Developing your HACCP Plan: Critical Limits
The first two principles of HACCP are Identification of hazards, and Determination of Critical Control Points. Let’s look at the next step to creating your HACCP plan, establishing critical limits.
After the hazard analysis has been completed and your team has identified each of the critical control points, (CCPs – the points in the process where the identified hazards must be controlled to prevent a food safety hazard) limits must be identified for each of the CCPs.
Establish a maximum or minimum limit for temperature, time, pH, salt level, chlorine level or other processing characteristic that will control the hazard. This is the critical limit for the CCP. If this limit is ever exceeded corrective action must be taken, and all affected product controlled. This will be covered in more detail when we discuss corrective action.
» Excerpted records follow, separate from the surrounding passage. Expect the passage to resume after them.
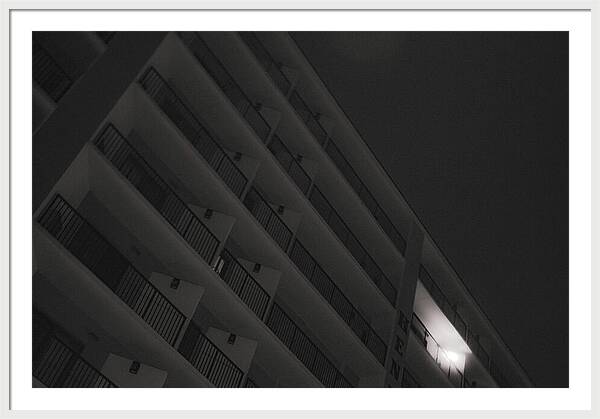 Dimly Lit Beach Hotel Building at Night - Framed Print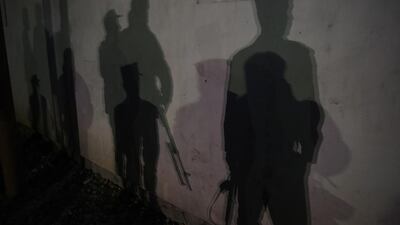 The shadows of Afghan police officers are seen near the site of an attack on the Spanish embassy compound in Kabul. Insurgents have launched an attack on a Spanish embassy compound in Kabul, Afghan officials said, following reports of gunfire and a massive car bomb in the centre of the city. Shah Marai / AFP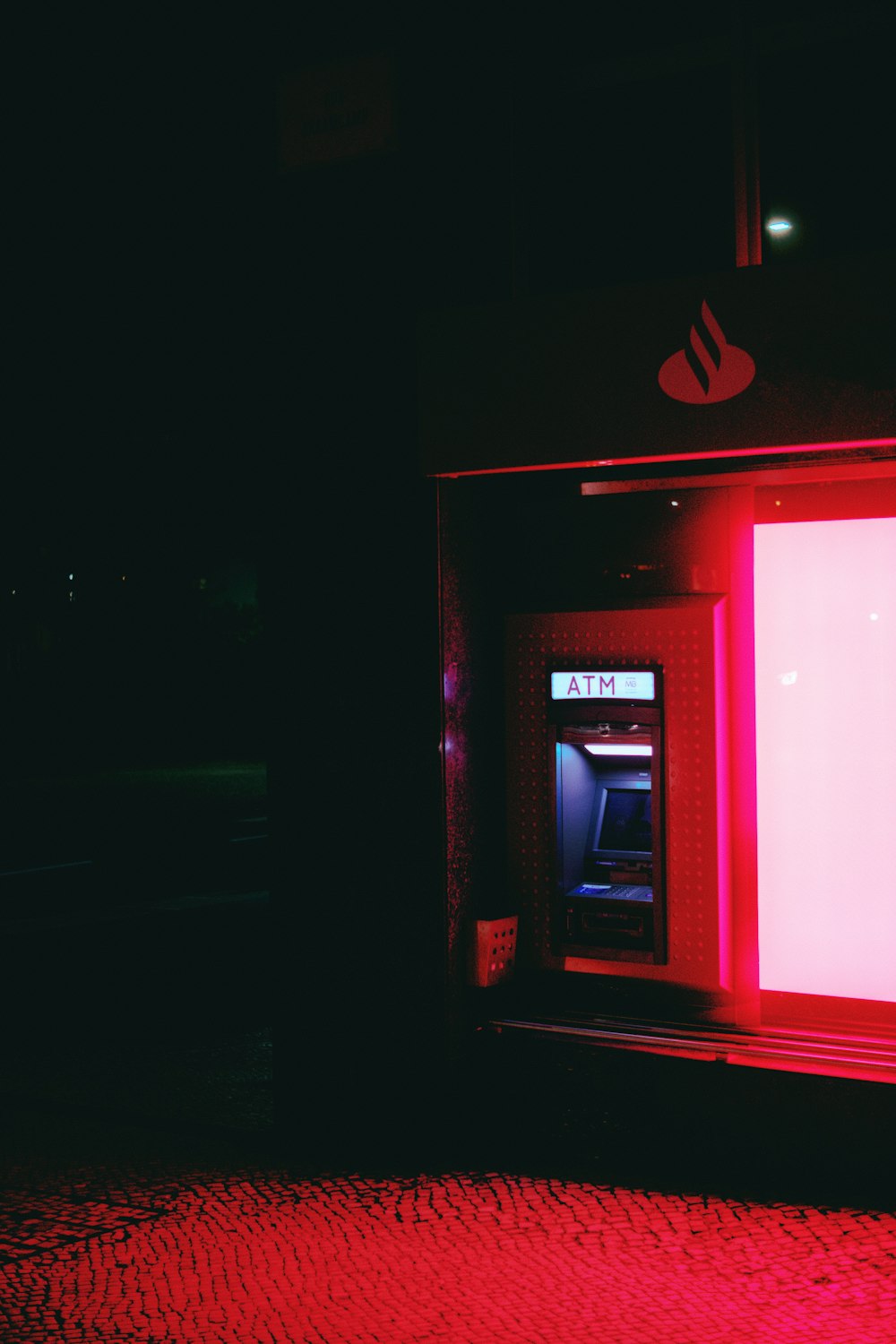 a red lit atm machine in a dark room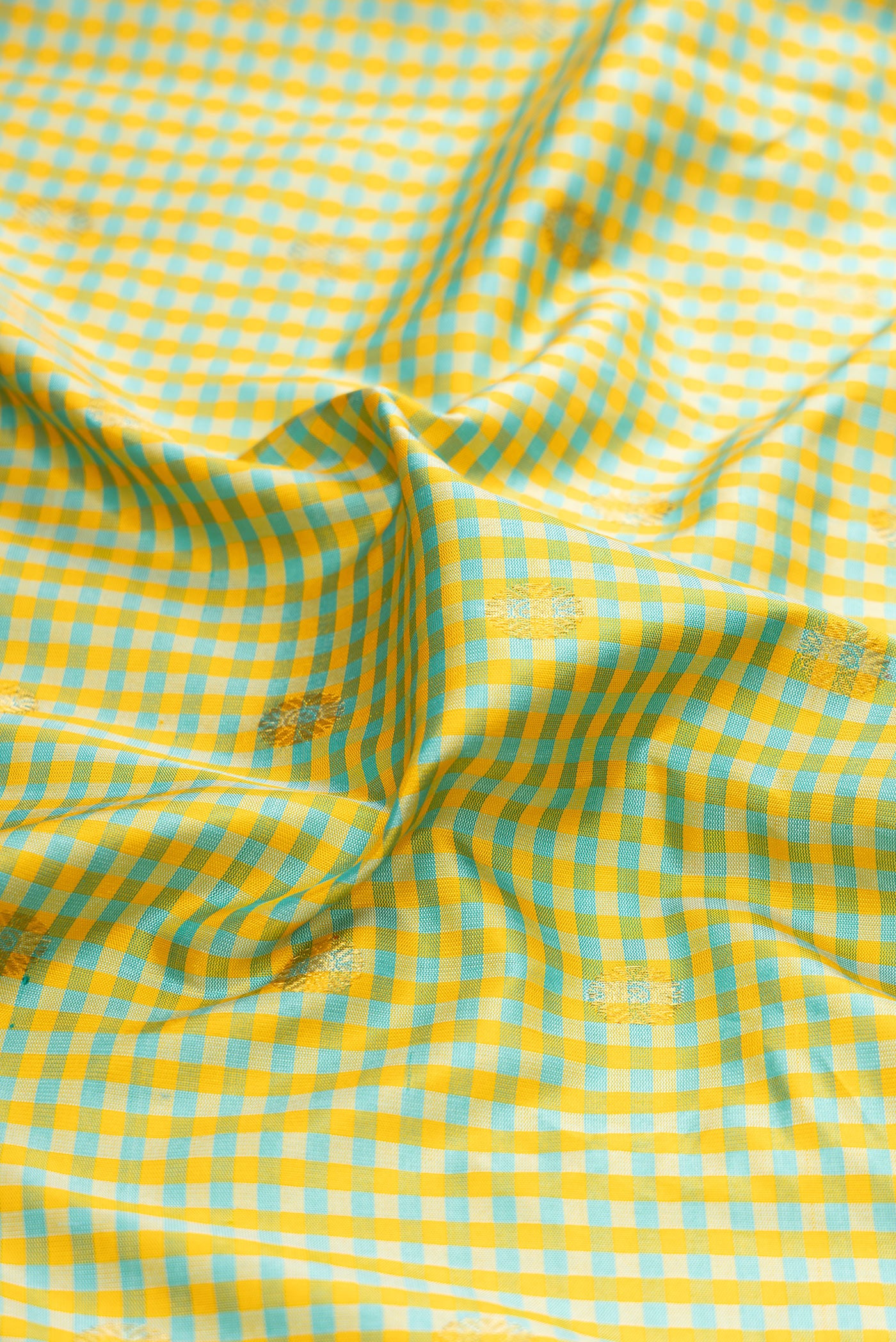 Close up of Pista Green Gadwal Silk Saree with Checked design on the body and Zari Border.  displaying folds
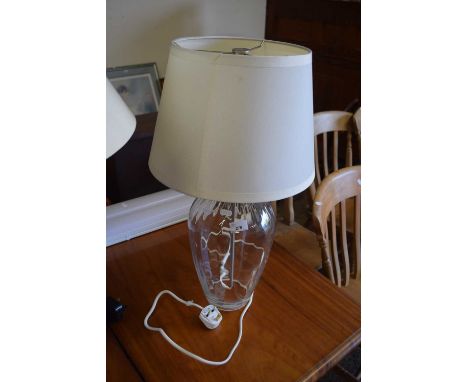 A modern table lamp with clear glass vase formed base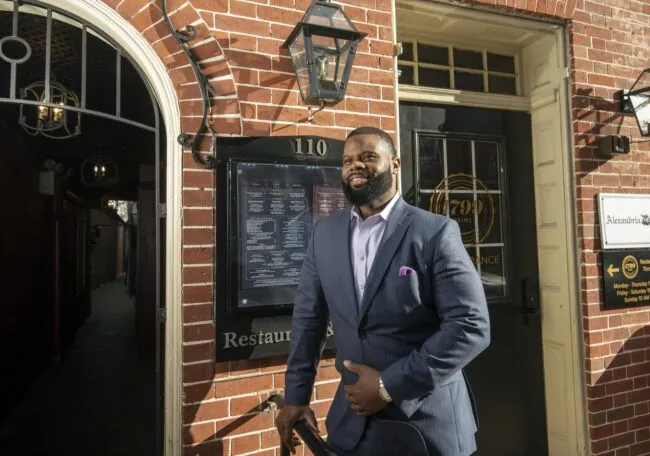 Jay Quander in front of 1799 Prime Steak & Seafood restaurant
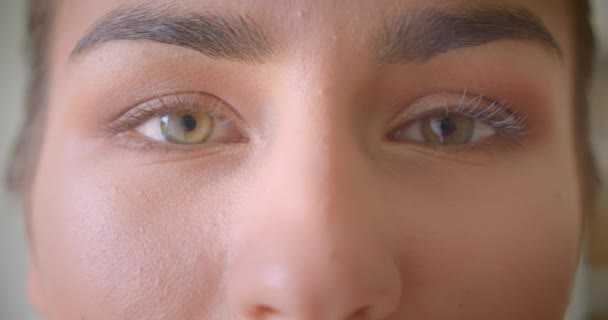 Zbliżenie Portret młodej atrakcyjnej kobiecej twarzy z oczami patrząc na kamerę — Wideo stockowe
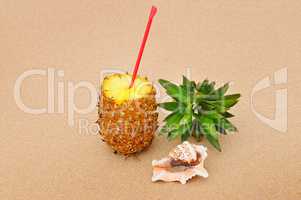 composition of juicy pineapple and sea shells on sand background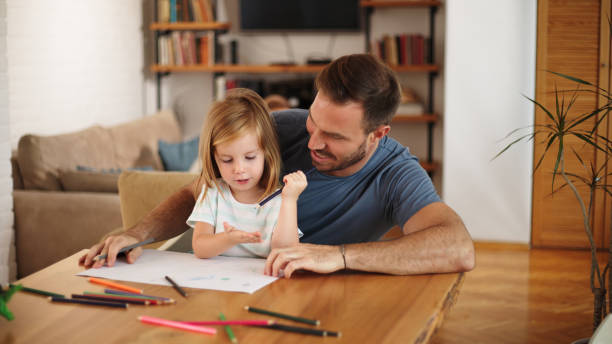 istock Father and daughter having good time drawing at home together 1446858230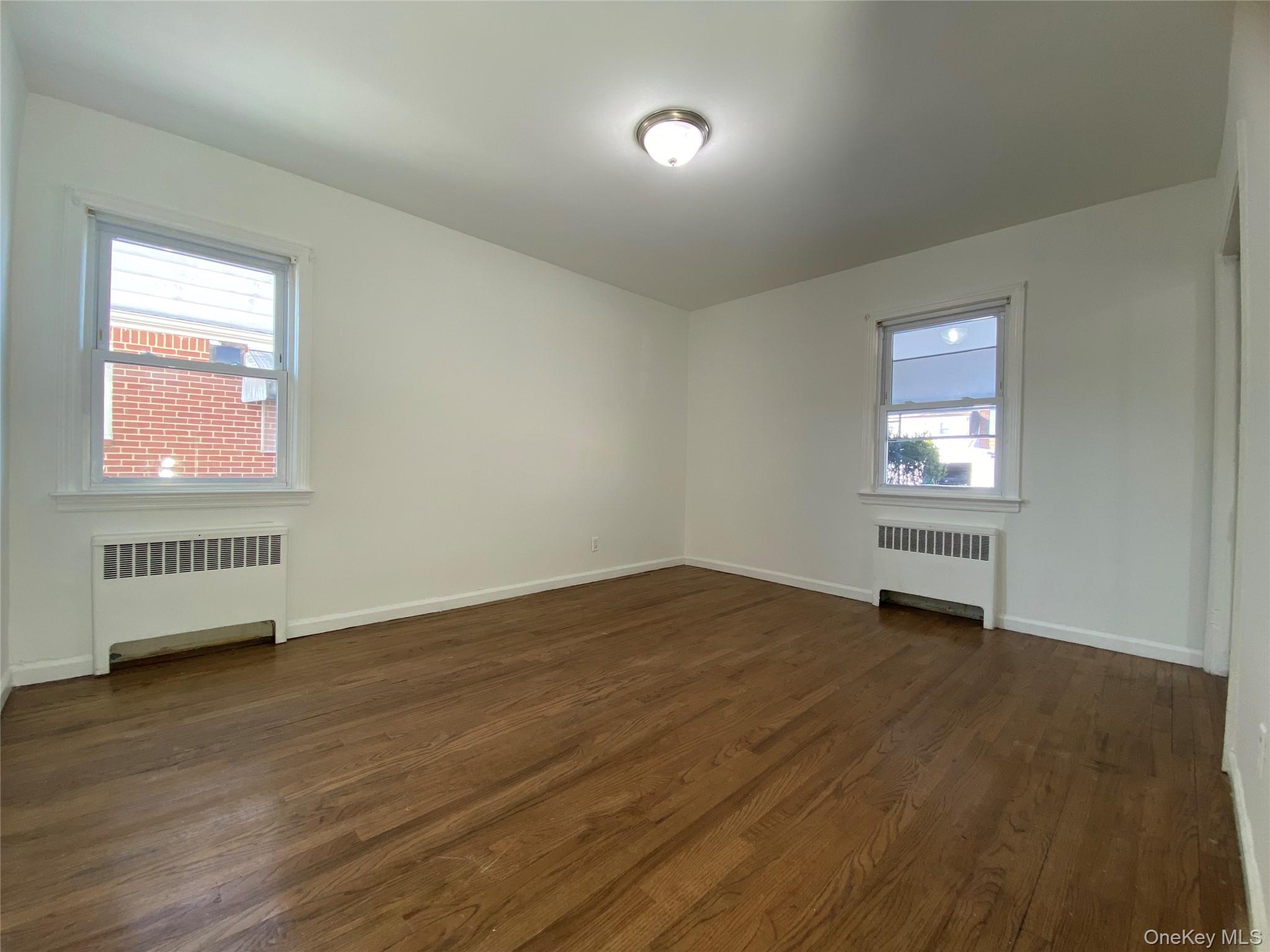 216 Raff Avenue Mineola, NY 11501 - Photo 9 of 20 a view of an empty room and window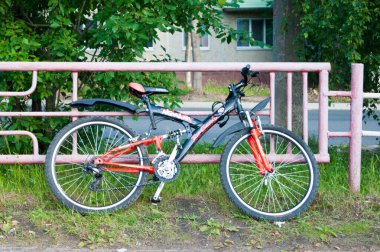 Kırmızı elementli siyah bir bisiklet güneşli bir yaz gününde pembe metal bir çite yaslanır.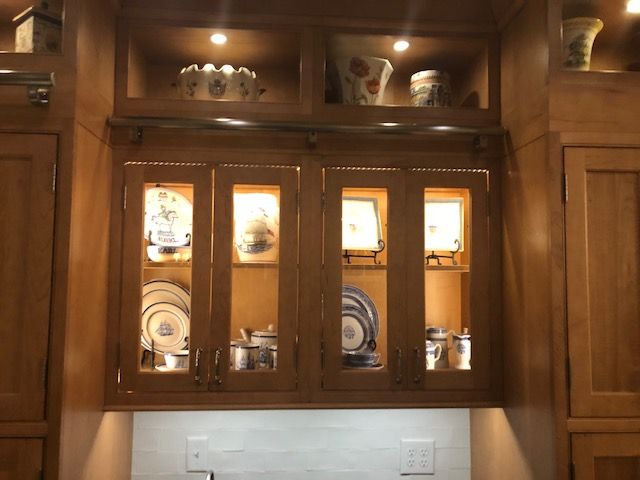 Wooden kitchen cabinets with glass-front doors and lit display shelves above a countertop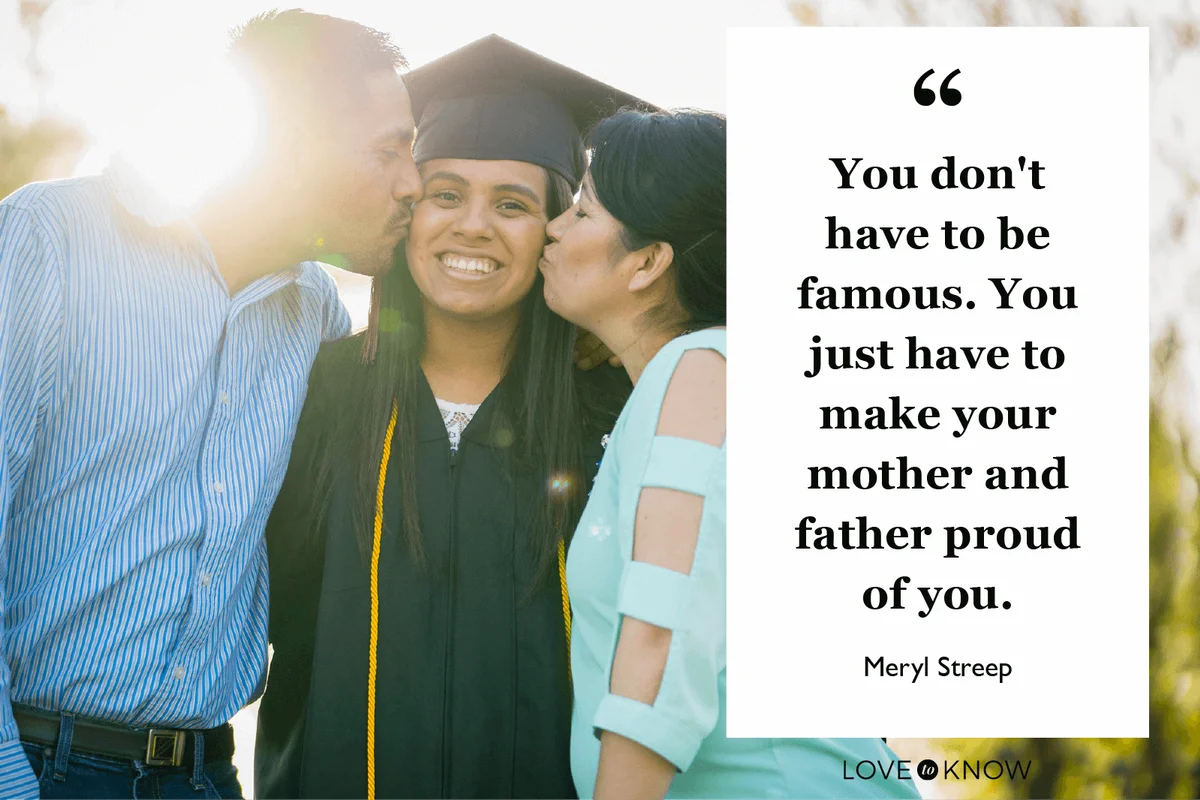 Mother and father kissing daughter at graduation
The determination of the critical limit must be based on scientific information or data. It is important to make sure that if you do not have sufficient experience in your company to make this determination you involve outside expertise or use external sources of information to make the decision.
Each CCP and its critical limit will be documented in the HACCP plan. Operational limits for your process can then be planned and documented taking the critical limits into account. Operational limits would be set tighter than the critical limits to ensure that the critical limits are not exceeded.
Remember, if a critical limit is exceeded there is a potential safety hazard and affected product will need to be controlled. This could mean rework or disposal of product. By setting operational limits tighter than control limits you will have a chance to bring the process under control before a critical limit is exceeded.
The team uses information on the process and the hazard to identify each step in the process that is a critical control point.